According to analysis by the Press Association, the numbers of applications for degree courses linked to European languages have fallen by almost a quarter in the past five years, while the numbers for other language courses have dropped by almost a fifth.
Simultaneously there has been a decline in the numbers studying languages traditionally offered by schools, such as French and German, at GCSE and A-level.
Jocelyn Wyburd, Director of the highly respected Cambridge Language Centre commented that, “Young people now need higher levels of linguistic competence, cultural knowledge and insights, and the cross-cultural agility of the ‘transnational graduate’ required by today’s global society.”
To this backdrop, I firmly believe that Glenalmond College has made the right decision to continue to insist that all pupils study four subjects – and frequently including a foreign language – in their lower sixth year, while simultaneously embracing the flexibility and breadth offered by Scottish Highers.
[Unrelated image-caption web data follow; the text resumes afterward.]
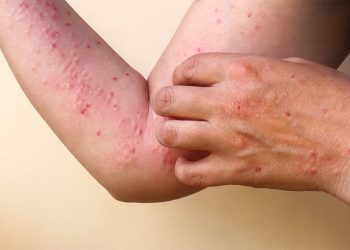 México con 34 muertos y 4 mil 153 casos de Mpox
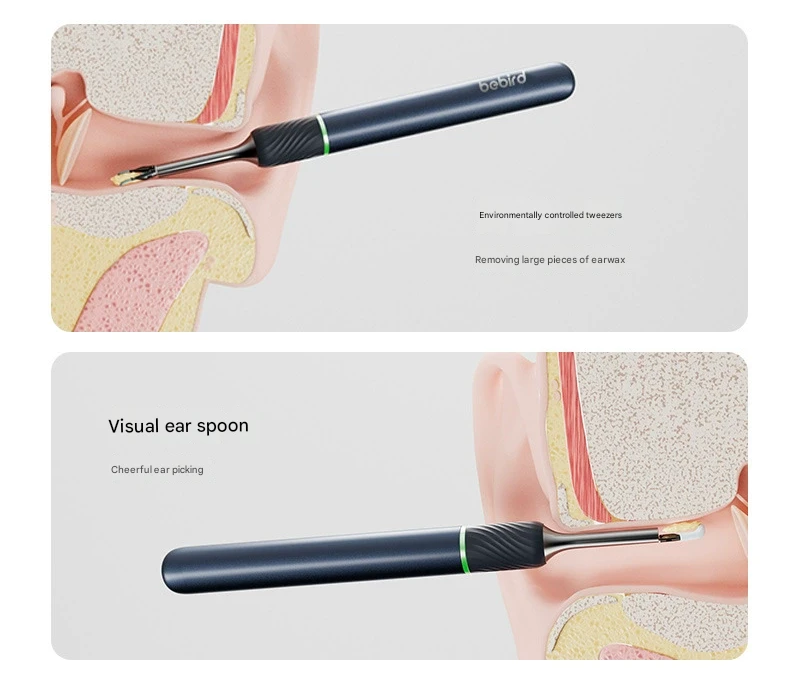 Smart Ear Cleaner | HD Camera & Tweezers | Visual Scope | Safe for Adults & Kids | White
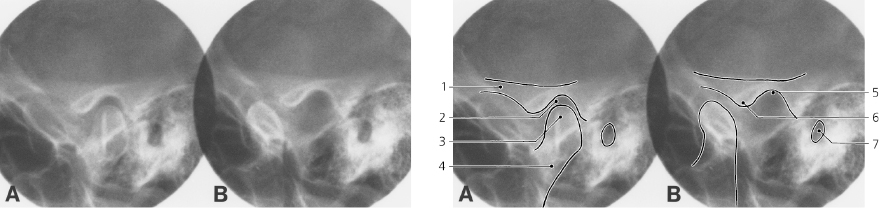 cmp25-fig-5385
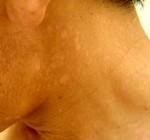 Keputihan+berwarna+coklat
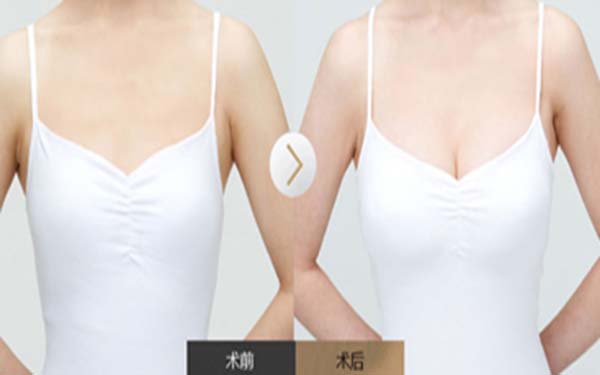 上海做內(nèi)切眼袋手術(shù)醫(yī)生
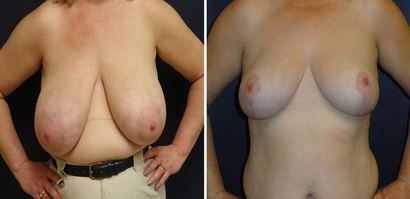 Breast_Reduction_0092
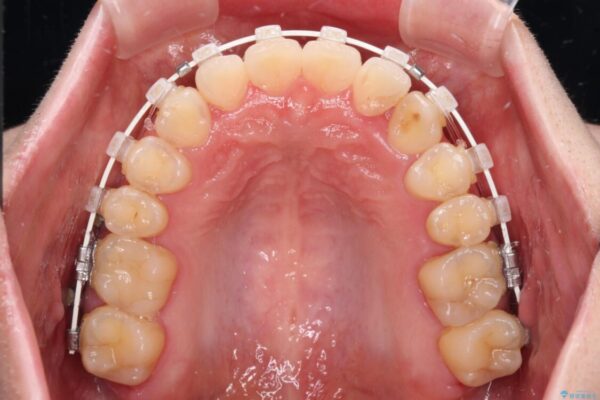 【モニター】1本欠損した下顎前歯と上顎の八重歯　ワイヤー装置で楽して矯正治療 治療途中画像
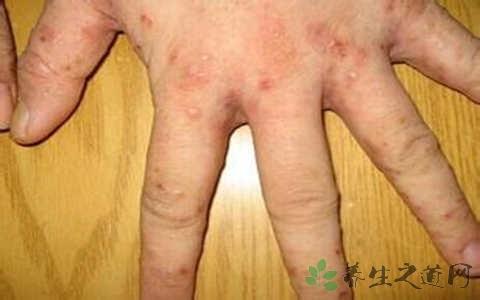 【无症状感染最新报道/无症状感染最新报道消息】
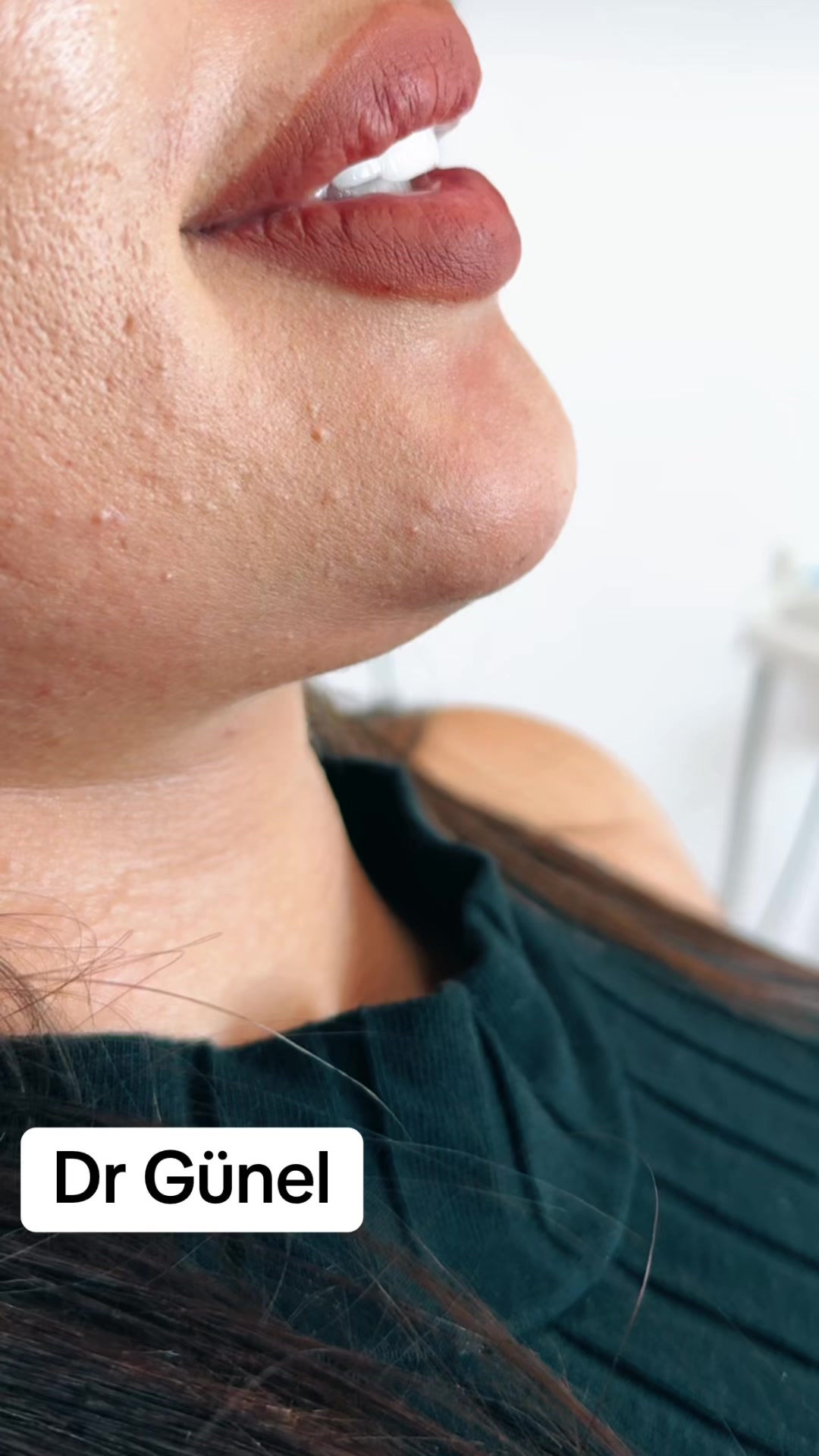 @Dentist_Günel
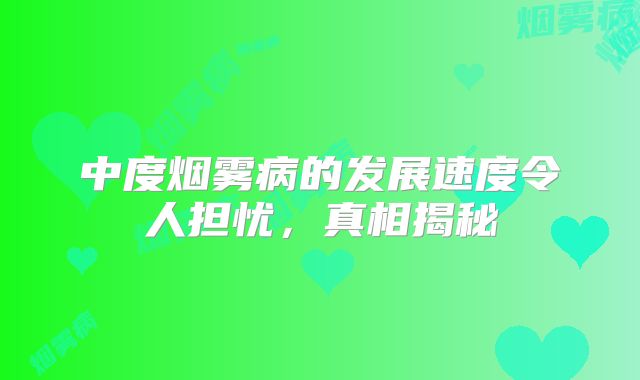 中度烟雾病的发展速度令人担忧，真相揭秘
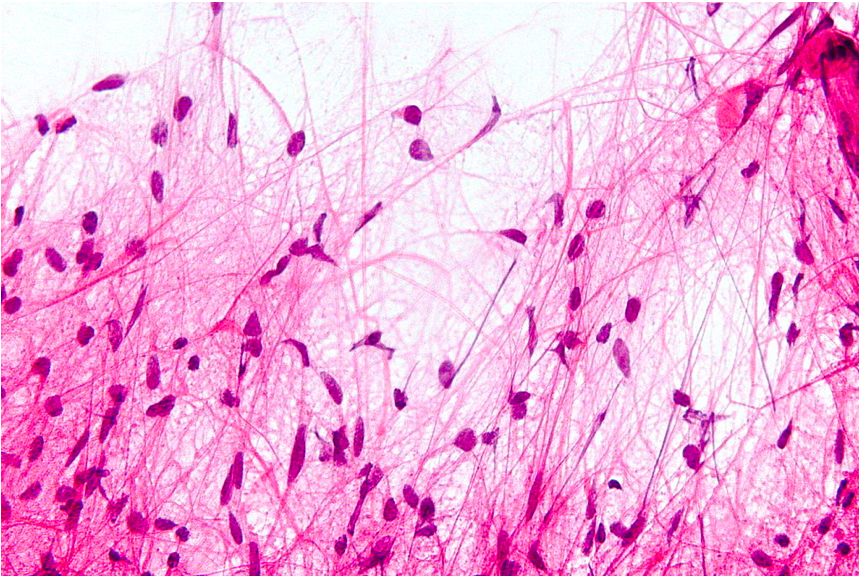 <p>Microscopic Features of Pilocytic Astrocytoma. Hair-like cell processes can be observed with H&amp;E staining.</p>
Sitting talking to two fifth form (Year 11) pupils last week, conversation drifted from preparing for their speaking tests to the upcoming Parents’ Evening and Sixth Form Options Talk.
Faced with an array of subjects, some of which the pupils have never studied, the boys were entitled to feel somewhat hesitant about their best educational route. After all, how many of us knew what we wanted to do at 15? Precious few, I imagine.
What happens if you are trying to keep your options open? Their dilemma is one shared by many Year 11 pupils; all the more so since the curriculum reforms, introduced over the last couple of years, mean that for many pupils, it is no longer a choice of four subjects, but three.
The phrase ‘Three + Enrichment’ is a much-used, UK-wide phrase. Some British schools go to extraordinary lengths to fill time left by the dropped fourth A-level but, all-too-often, not by adding extra teaching, which is too expensive and difficult to timetable.
The reduction from four to three A-level subjects has undoubtedly had an effect on foreign language teaching in many schools. Previously, pupils could add a language to their humanities, sciences or tech choices and thus be a scientist with French. Now though, this has become far more difficult, if not impossible, for many faced with the need to pick only three subjects.
Not so at Glenalmond. We have pupils who take a language as their fourth subject, sitting the higher examination at the end of lower sixth, and then concentrate on their other three subjects in their final year. This results in them getting a qualification for their year of study and being able to decide over that year whether they wish to continue with the language at A-level.
Looking to the pupil’s future, it can only be to their advantage to be able to compete in the increasingly tough world of global recruitment, having combined their core subjects with the ability to communicate in another language.